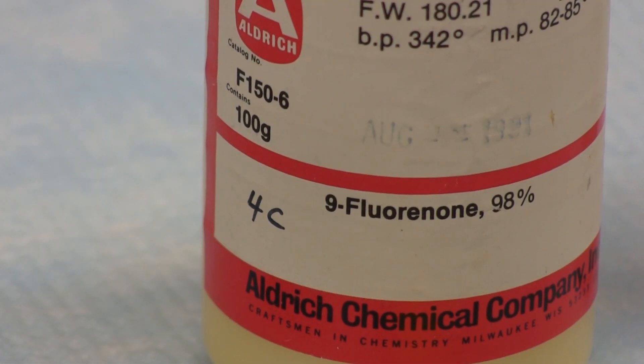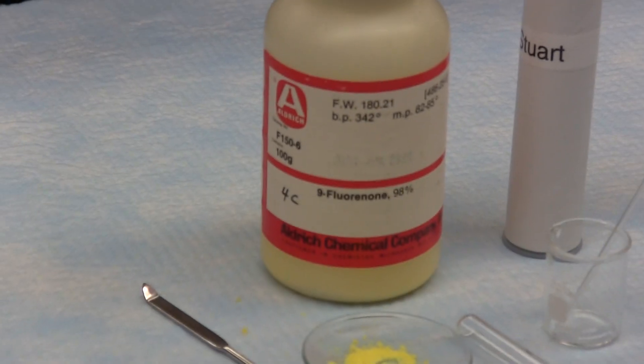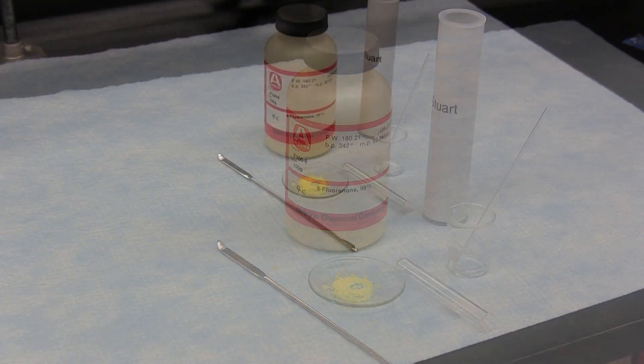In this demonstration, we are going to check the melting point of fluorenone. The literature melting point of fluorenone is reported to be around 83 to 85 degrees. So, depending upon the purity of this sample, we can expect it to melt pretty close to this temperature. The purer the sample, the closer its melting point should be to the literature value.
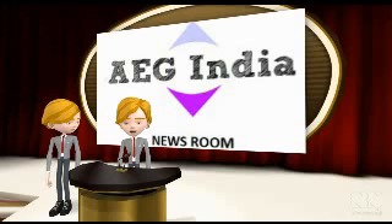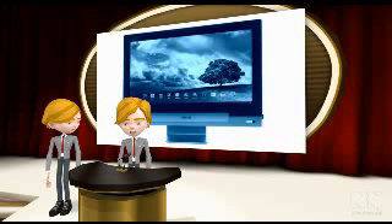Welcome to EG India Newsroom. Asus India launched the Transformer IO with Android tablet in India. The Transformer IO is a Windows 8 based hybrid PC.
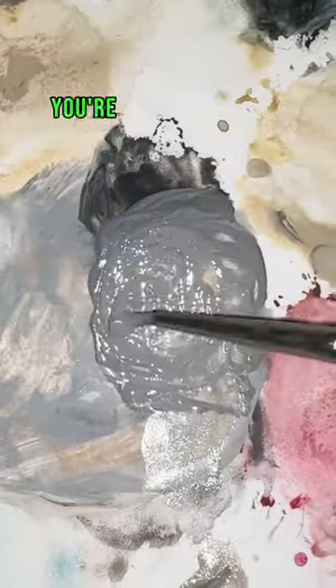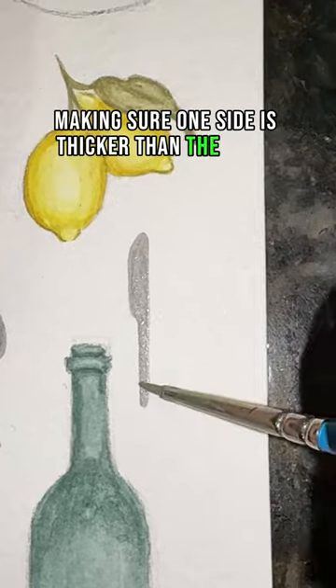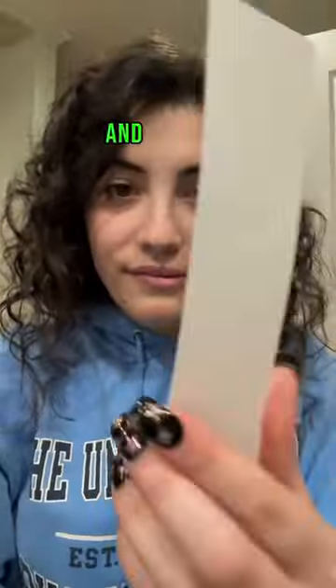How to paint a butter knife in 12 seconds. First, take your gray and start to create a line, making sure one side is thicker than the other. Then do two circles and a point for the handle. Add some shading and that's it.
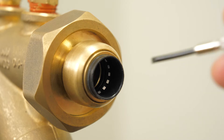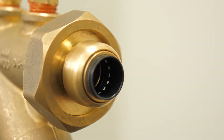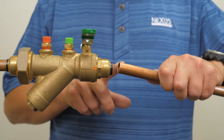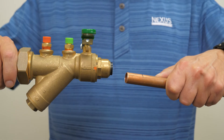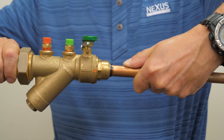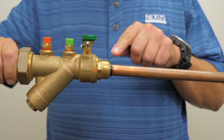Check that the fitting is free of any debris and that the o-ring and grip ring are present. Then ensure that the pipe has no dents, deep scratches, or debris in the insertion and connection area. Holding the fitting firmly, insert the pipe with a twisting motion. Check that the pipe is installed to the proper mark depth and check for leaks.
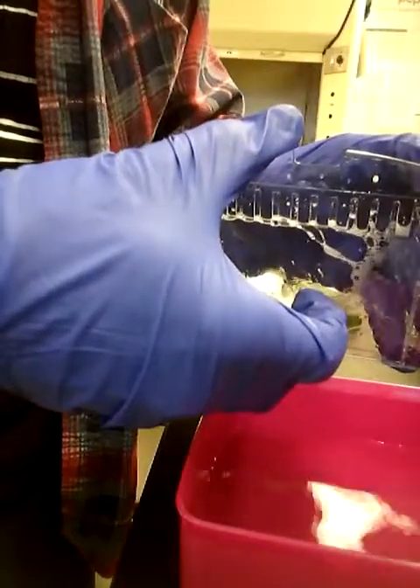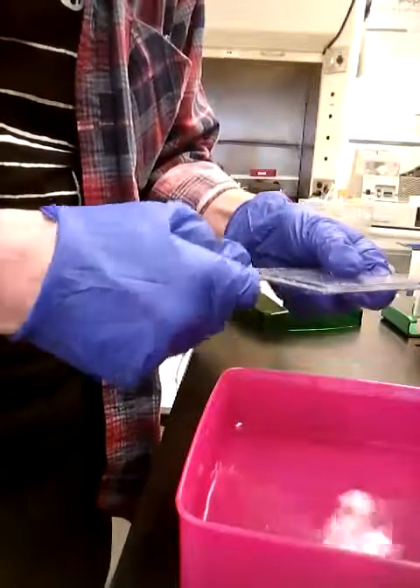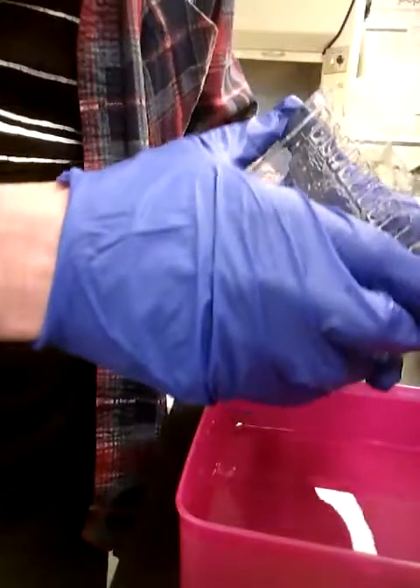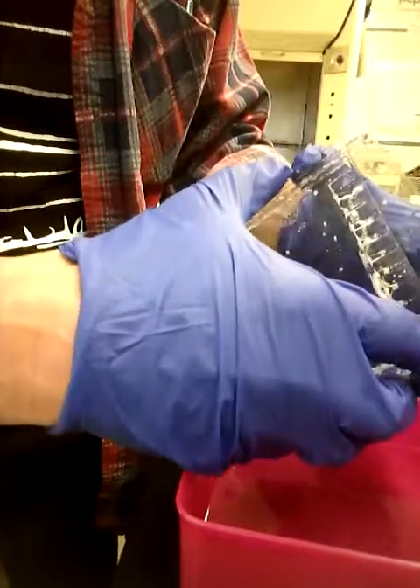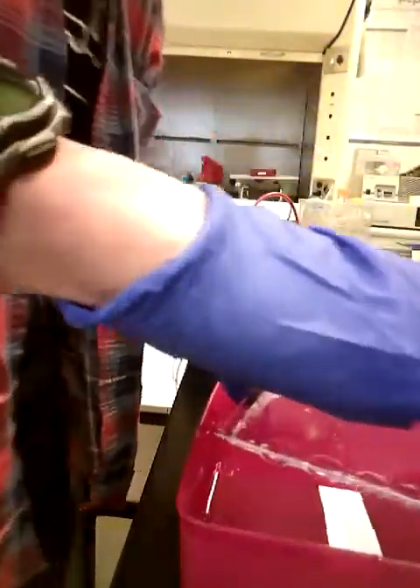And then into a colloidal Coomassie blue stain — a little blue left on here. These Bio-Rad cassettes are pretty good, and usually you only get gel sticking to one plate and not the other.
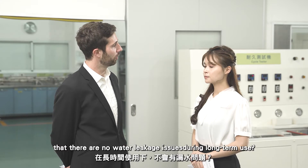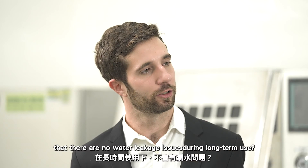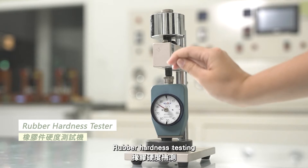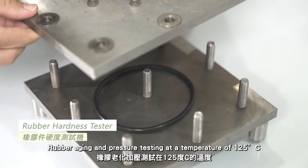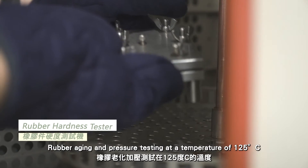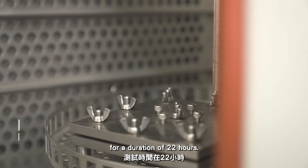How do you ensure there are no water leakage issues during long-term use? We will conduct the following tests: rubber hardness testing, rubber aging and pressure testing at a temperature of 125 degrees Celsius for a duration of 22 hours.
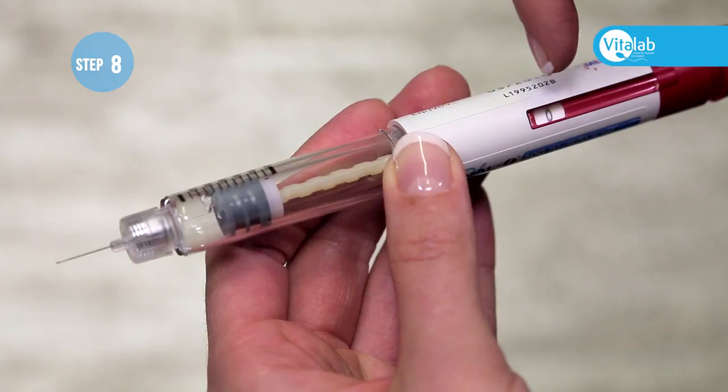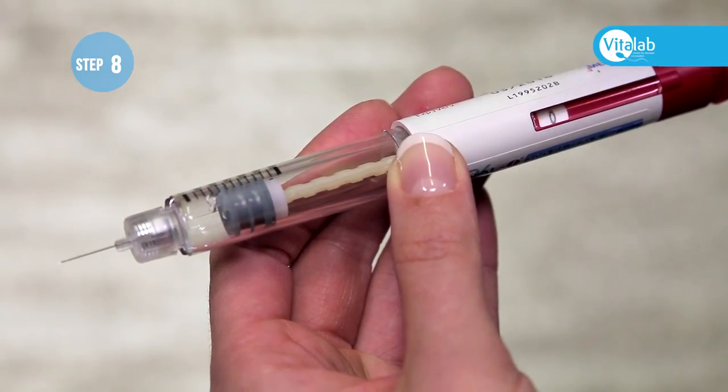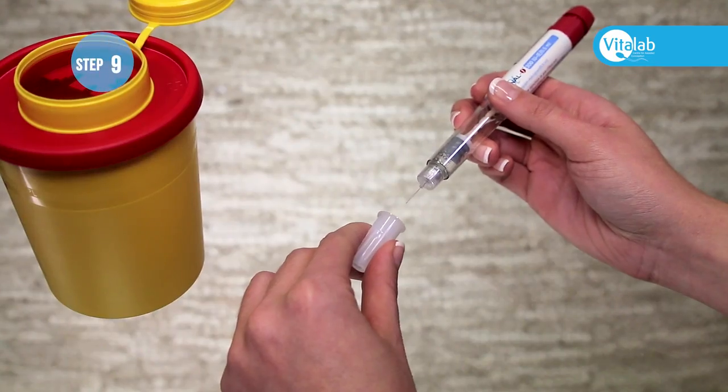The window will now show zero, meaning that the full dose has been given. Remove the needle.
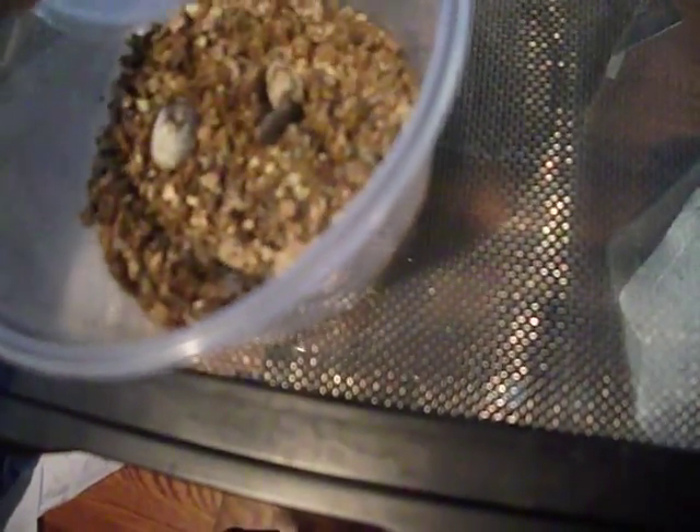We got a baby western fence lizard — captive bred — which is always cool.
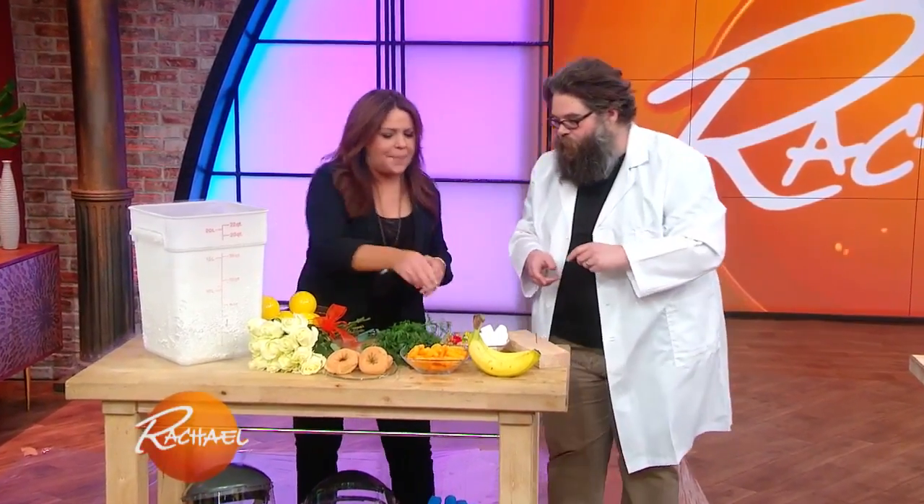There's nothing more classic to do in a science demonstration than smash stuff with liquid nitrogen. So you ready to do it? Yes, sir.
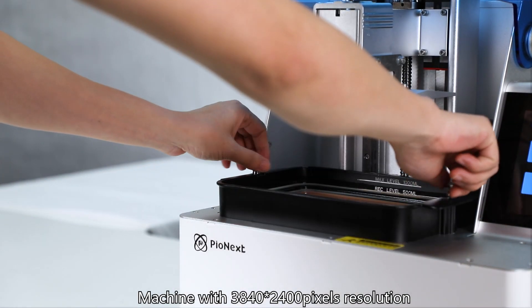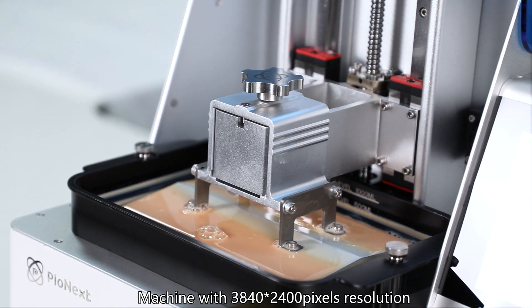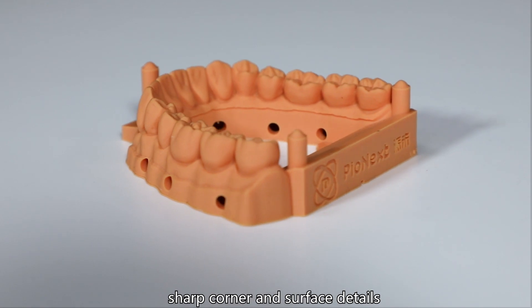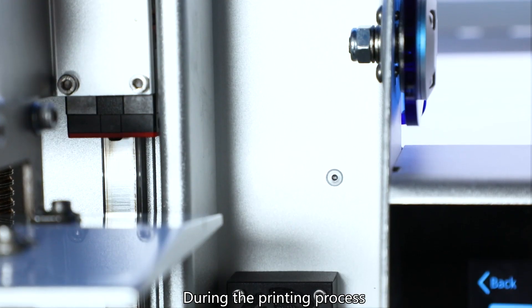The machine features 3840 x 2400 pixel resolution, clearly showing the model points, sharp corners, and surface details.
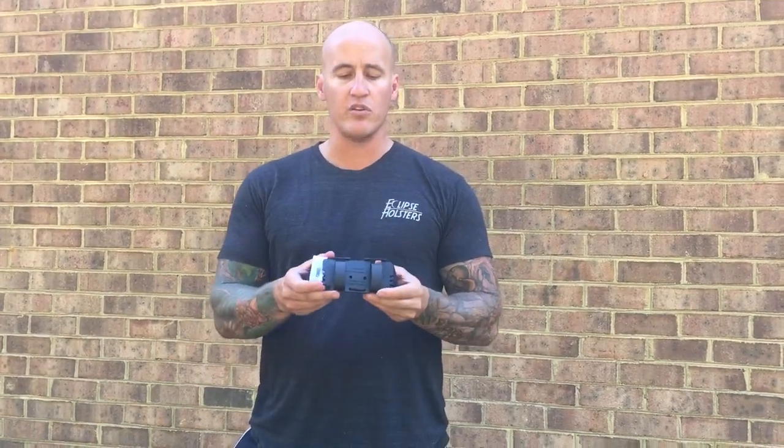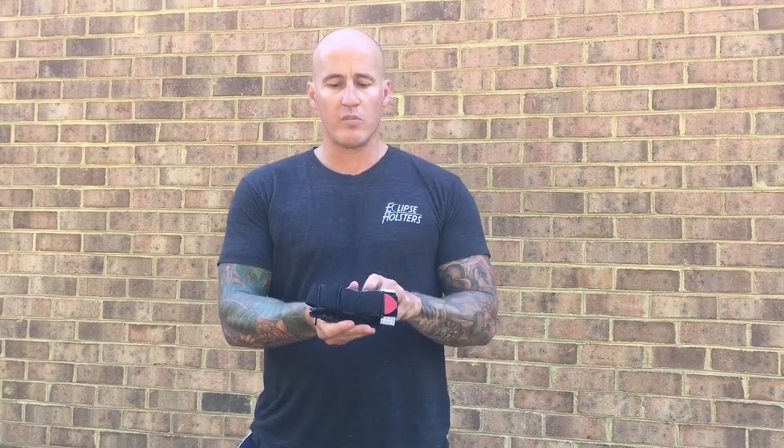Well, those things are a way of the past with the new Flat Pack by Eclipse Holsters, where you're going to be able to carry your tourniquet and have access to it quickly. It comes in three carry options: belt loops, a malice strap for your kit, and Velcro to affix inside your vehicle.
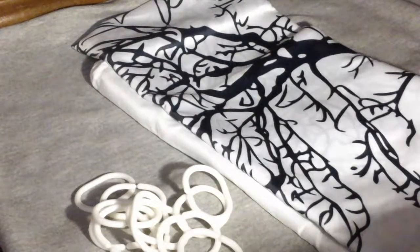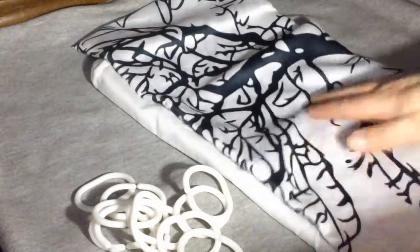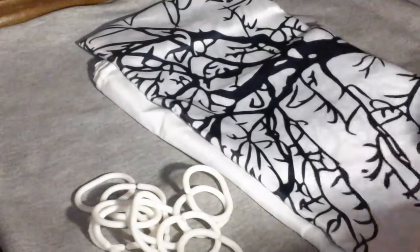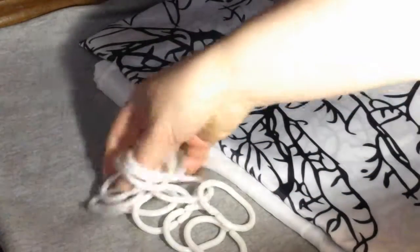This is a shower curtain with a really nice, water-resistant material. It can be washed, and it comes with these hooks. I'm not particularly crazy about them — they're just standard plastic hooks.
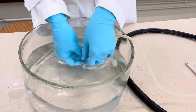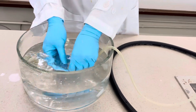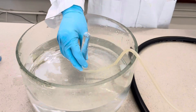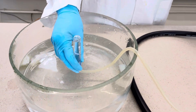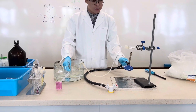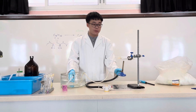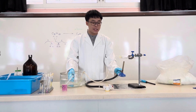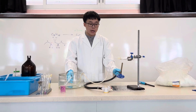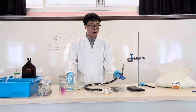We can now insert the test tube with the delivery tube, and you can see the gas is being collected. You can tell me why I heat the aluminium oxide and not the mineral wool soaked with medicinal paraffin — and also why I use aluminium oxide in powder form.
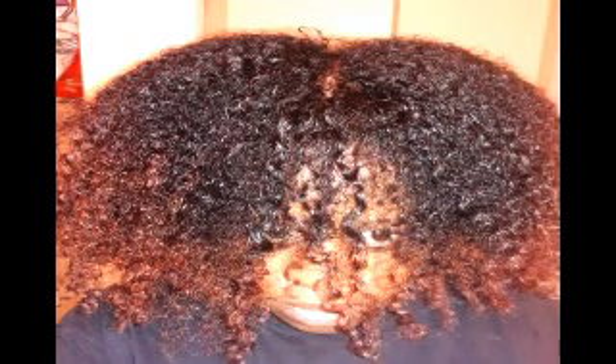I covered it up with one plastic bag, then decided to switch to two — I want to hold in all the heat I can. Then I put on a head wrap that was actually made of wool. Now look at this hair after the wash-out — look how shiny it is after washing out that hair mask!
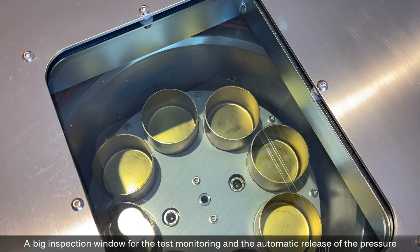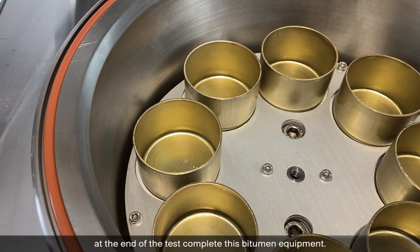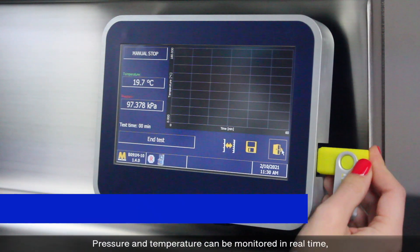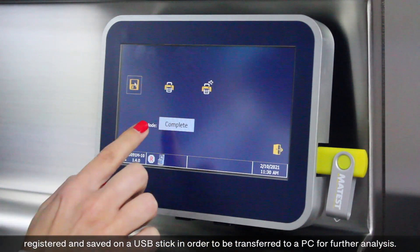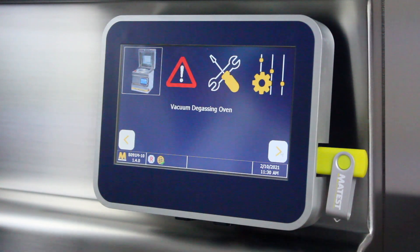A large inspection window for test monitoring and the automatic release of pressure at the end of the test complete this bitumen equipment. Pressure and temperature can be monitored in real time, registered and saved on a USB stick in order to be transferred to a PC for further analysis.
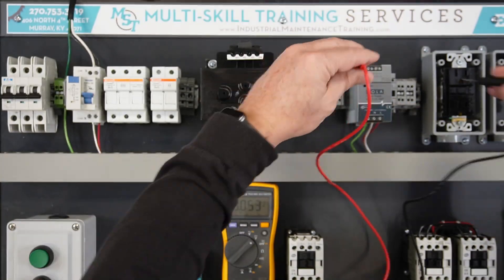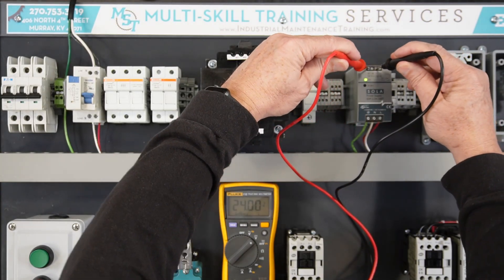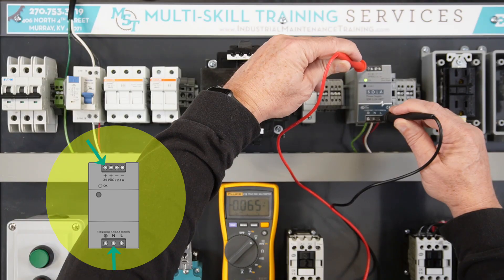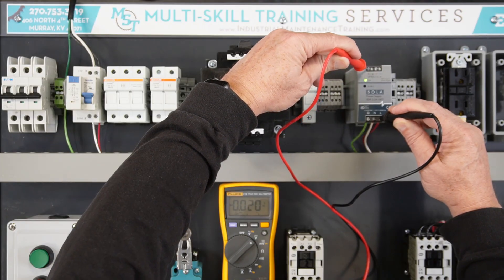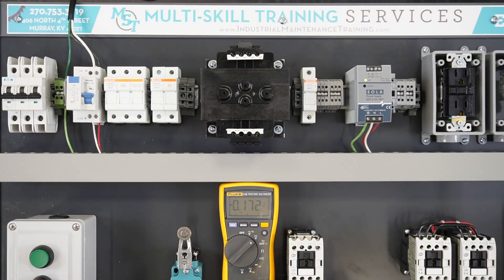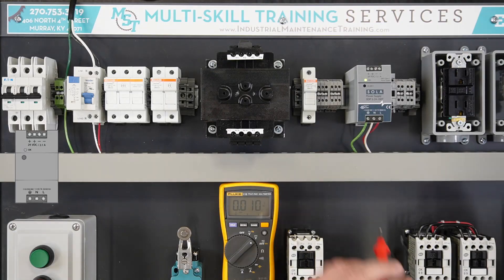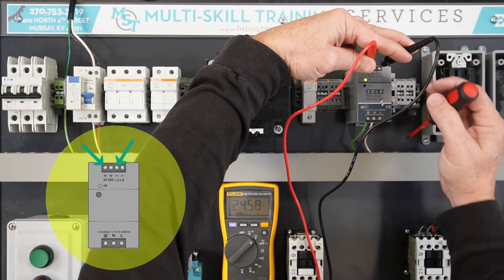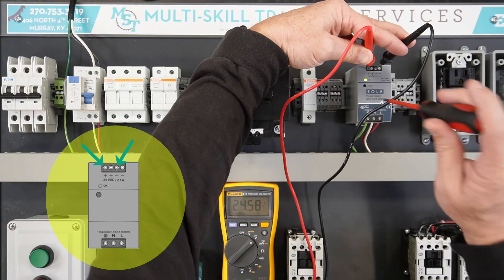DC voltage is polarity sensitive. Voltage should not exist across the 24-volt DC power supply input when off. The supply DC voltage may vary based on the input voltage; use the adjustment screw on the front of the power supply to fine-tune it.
──────────
TASK DIRECTIONS: Would you repeat the complete listing exactly, excluding each picture it holds?

EXERCISE RESULT:
In this demonstration, we are going to check the melting point of fluorenone. The literature melting point of fluorenone is reported to be around 83 to 85 degrees. So, depending upon the purity of this sample, we can expect it to melt pretty close to this temperature. The purer the sample, the closer its melting point should be to the literature value.
Welcome to EG India Newsroom. Asus India launched the Transformer IO with Android tablet in India. The Transformer IO is a Windows 8 based hybrid PC.
How to paint a butter knife in 12 seconds. First, take your gray and start to create a line, making sure one side is thicker than the other. Then do two circles and a point for the handle. Add some shading and that's it.
Check that the fitting is free of any debris and that the o-ring and grip ring are present. Then ensure that the pipe has no dents, deep scratches, or debris in the insertion and connection area. Holding the fitting firmly, insert the pipe with a twisting motion. Check that the pipe is installed to the proper mark depth and check for leaks.
And then into a colloidal Coomassie blue stain — a little blue left on here. These Bio-Rad cassettes are pretty good, and usually you only get gel sticking to one plate and not the other.
How do you ensure there are no water leakage issues during long-term use? We will conduct the following tests: rubber hardness testing, rubber aging and pressure testing at a temperature of 125 degrees Celsius for a duration of 22 hours.
The window will now show zero, meaning that the full dose has been given. Remove the needle.
We got a baby western fence lizard — captive bred — which is always cool.
There's nothing more classic to do in a science demonstration than smash stuff with liquid nitrogen. So you ready to do it? Yes, sir.
The machine features 3840 x 2400 pixel resolution, clearly showing the model points, sharp corners, and surface details.
Well, those things are a way of the past with the new Flat Pack by Eclipse Holsters, where you're going to be able to carry your tourniquet and have access to it quickly. It comes in three carry options: belt loops, a malice strap for your kit, and Velcro to affix inside your vehicle.
This is a shower curtain with a really nice, water-resistant material. It can be washed, and it comes with these hooks. I'm not particularly crazy about them — they're just standard plastic hooks.
We can now insert the test tube with the delivery tube, and you can see the gas is being collected. You can tell me why I heat the aluminium oxide and not the mineral wool soaked with medicinal paraffin — and also why I use aluminium oxide in powder form.
I covered it up with one plastic bag, then decided to switch to two — I want to hold in all the heat I can. Then I put on a head wrap that was actually made of wool. Now look at this hair after the wash-out — look how shiny it is after washing out that hair mask!
A large inspection window for test monitoring and the automatic release of pressure at the end of the test complete this bitumen equipment. Pressure and temperature can be monitored in real time, registered and saved on a USB stick in order to be transferred to a PC for further analysis.
DC voltage is polarity sensitive. Voltage should not exist across the 24-volt DC power supply input when off. The supply DC voltage may vary based on the input voltage; use the adjustment screw on the front of the power supply to fine-tune it.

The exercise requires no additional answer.